To paraphrase John Stuart Mill, he who knows only his own country knows little enough of that.4 One who seeks to understand American government should therefore also know something of other political systems, especially those of similar societies such as Britain and Canada. Where there are similarities, one looks for an explanation beyond the realm of constitutional law from something outside the system, such as a common British heritage in the eighteenth century, the rise of democracy in the nineteenth century, and the growth of the regulatory state in the twentieth century. Where there are differences, one looks for evidence that one constitutional regime, more than the other, is better adapted to the demands placed upon it. That is how constitutions are evaluated. One is apt to think one lives under the best of all possible governments, but unless one is willing to put it to the test, this is little more than the prejudice of Thomas Paine’s hypothetical Englishman.

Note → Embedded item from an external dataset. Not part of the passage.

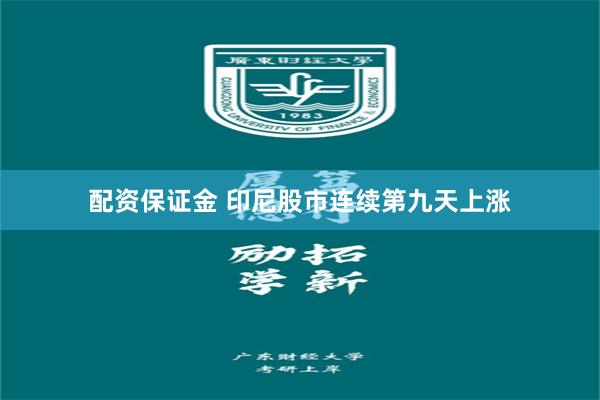 配资保证金 印尼股市连续第九天上涨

AMERICA AND BRITAIN CHANGE PLACES

Everyone knows how America came to adopt the separation of powers in government. The delegates to the Philadelphia Convention who drafted the Constitution were sophisticated legal theorists. They had studied “the celebrated Montesquieu” and wisely applied the French Enlightenment philosopher’s defense of the separation of powers. “When legislative power is united with executive power in a single person or in a single body of the magistracy, there is no liberty,” said Montesquieu,5 and the American Framers would follow him and protect liberty through a Constitution in which a separately elected president, Senate, and House of Representatives would each have to consent before a bill was enacted.

I tell a different story in chapter 2. The modern presidential system, with its separation of powers, was an unexpected consequence of the democratization of American politics, and not a prominent feature of the Framers’ Constitution. It was a near run thing, decided only on day 105 of a 116-day convention. The delegates debated the presidential appointment process on twenty-one different days, and took more than thirty votes on the subject, with sixteen roll calls alone on how to select the president. In six of these (one unanimously), they voted for a president appointed by Congress, a system that would have resembled a parliamentary regime. Once they voted 8 to 2 for a president appointed by state legislatures. On one thing they were wholly clear: they did not want a president elected by the people. That question was put to them four times, and lost each time.

The Framers wanted a government with a much weaker separation of powers. James Madison came to Philadelphia with a proposal that came to be called the Virginia Plan, in which an elected House of Representatives would appoint senators, and the House and Senate together would appoint the president. Such a system would have more closely resembled the British Westminster system of parliamentary government, and the gridlock that characterizes Washington today would largely be absent. The party that won the White House would typically win the legislative branch, giving us the winner-take-all government of parliamentary systems.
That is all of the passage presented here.